Even so, every year we are all told to celebrate a date marking our national trauma, the date when the First Fleet landed in Sydney Cove and the Union Jack was raised. 26 January, Invasion Day, the first day of the colony we now call Australia. We have celebrated this nation with other dates over the last century, but this is the one we have currently landed on, and it is incredibly hurtful to many.

And despite the narrative arc of our scriptures revealing a god who is fiercely opposed to violence, captivity, oppression and injustice, many Christians seem to have no problem with all this. The recent referendum and the high No vote among people identifying as Christian is only one of many indicators. I’ve heard people say, ‘But we brought the gospel!’ as if that is the only truth of this story.

But Jonah longed for the destruction of the colonizers, and those of us who are not Indigenous would do well to hear this. We would do well to understand that there are those who might long for our own destruction, and who hold the classic view of justice: an eye for an eye, a life for a life, all that.
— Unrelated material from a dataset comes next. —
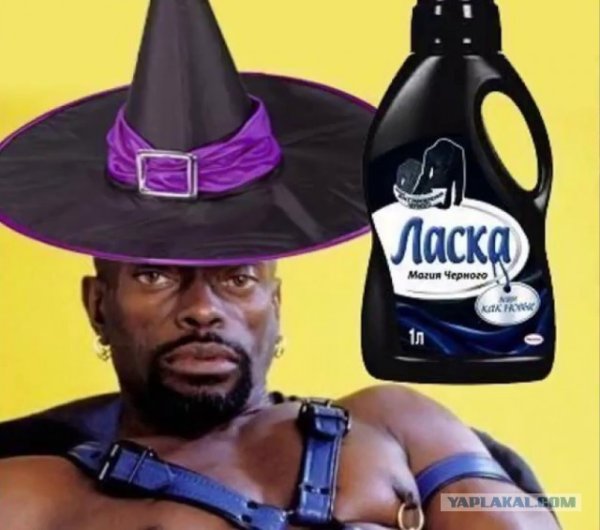 Негр черный Властелин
And we would do well to notice that the God we meet in Jonah prefers mercy.

This God chooses to bless even us, that is, even the colonizers, and God does this by sending people who invite us to repentance, that we might enter a different, more life-giving story.

People like tralwoolway man, Rev. Dr Garry Deverell, whom I sometimes think of as a blunt and insightful Jonah. And I, in the position of a Ninevite, that is, as a colonizer, get to hear his brilliant preaching and challenging teaching, and you get to go home and listen to his latest interview on Soul Search (here)!
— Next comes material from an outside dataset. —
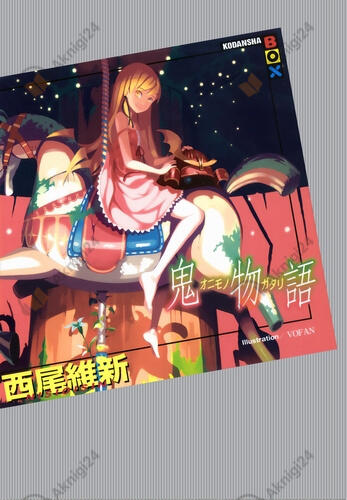 Onimonogatari / История демона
Garry reminds me that the way of empire, Australian colonial capitalism, is violent and grasping and destructive; and, through social atomisation and climate catastrophe, it’s slowly killing us all. God longs to lead us into life, but our society keeps choosing death.

Thanks to Garry and many other modern-day Jonahs, and through engaging in the slow lifelong work of listening, repenting and being changed, I have discovered a faith that is so much bigger and more interesting and more life-giving than white colonial Christianity.

More, as I do this work and embrace this bigger story, I am brought back to identifying with Jonah myself, including with the strange and difficult demands which are placed on him and those who are faithful. These strange and difficult demands often look foolish and feel impossible: like preaching decolonization to white Christians, perhaps. Or for me, as an inner urban feminist, being sent to the bastion of country conservatism to work among burned, traumatized and ‘post-church’ folk, and to bless colleagues who aren’t actually convinced that women should speak in church.

But in meeting these strange demands, even reluctantly at times, I can attest that I have known great blessing and flourishing and joy. These flow when we engage with the living God, who keeps challenging us and stretching us and reminding us to love, as annoying as this task can be.

So that’s my hope. It might be unfair, but God is interested even in us, and sends cranky people to bless us. And if we choose to listen and are open to change, life will prevail: and we in turn will become a blessing.

Thanks be to the One from whom all blessings flow: Source, Word and Spirit of Life: Amen.